I'm kind of curious about this transformation that we've kind of all gone through as an industry in the beginning. Certainly a lot of talk and a lot of like very, I thought pie in the sky visions of like, well, this is the future. And now everything will be, you know, and then insert your buzzword of choice. Right. And like virtual decentralized whatever it was. And I'm wondering if you've seen any good applications or any poor applications, maybe at that informed consent level of like virtualization, like for example, like I'm, I'm a little surprised that your wife had to go in person and then sit in a quiet room to review informed consent papers. Like that seems like it could have been a little more remote virtual, a little more interactive, maybe. So, I, I'd love to hear about your perspective or your experiences in that stuff.

Richie

Yeah, absolutely. So when I'm not on fantastic podcasts like this, as Brittany alluded to earlier, my full-time gig is Senior Director of Patient Engagement at Medable. So Medable has an entirely patient-centric platform for decentralized clinical trial conduct. And what I mean by patient-centric is everything is pressure tested by patients, caregivers, care partners go through user acceptance testing. Not only does this work as intended, but does it work as a patient would expect as a patient requires? You know they’re certainly a leader in the field.

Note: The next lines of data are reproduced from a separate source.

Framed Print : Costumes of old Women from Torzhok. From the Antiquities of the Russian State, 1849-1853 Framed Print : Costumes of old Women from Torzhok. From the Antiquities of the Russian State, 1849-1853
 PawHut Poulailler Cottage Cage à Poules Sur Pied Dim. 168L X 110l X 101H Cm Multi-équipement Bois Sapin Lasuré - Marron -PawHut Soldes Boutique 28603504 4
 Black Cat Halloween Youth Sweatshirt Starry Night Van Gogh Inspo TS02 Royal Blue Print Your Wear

There are a number of others doing this work, but I'll step back and say if there's one silver lining to the pandemic, as it relates to research, I think many have been forced to confront how we've done things traditionally. Right? I mentioned the stats about clinical trials failing to meet timelines. For every day your trial is delayed and your product. Let me rephrase that. Every day your product is delayed from coming to market, depending on indication and market share, you can stand to lose between 600,000 and 8 million dollars. Obviously, we don't have nearly as many blockbuster pharmaceutical interventions anymore. We have a lot more high price, but highly necessary rare disease products for much smaller population. But the fact of the matter remains traditional patient recruitment does not work in the U.S. alone. More than 70% of potential patients live more than two hours away from a clinical trial site. When you have a traditional study being conducted at a brick and mortar facility, five visits you know, maybe the first one is the opportunity to confirm every bit of data gathered during pre-screening to do some more in-depth screening, informed consent, randomization enrollment, and medication or IP allocation, right?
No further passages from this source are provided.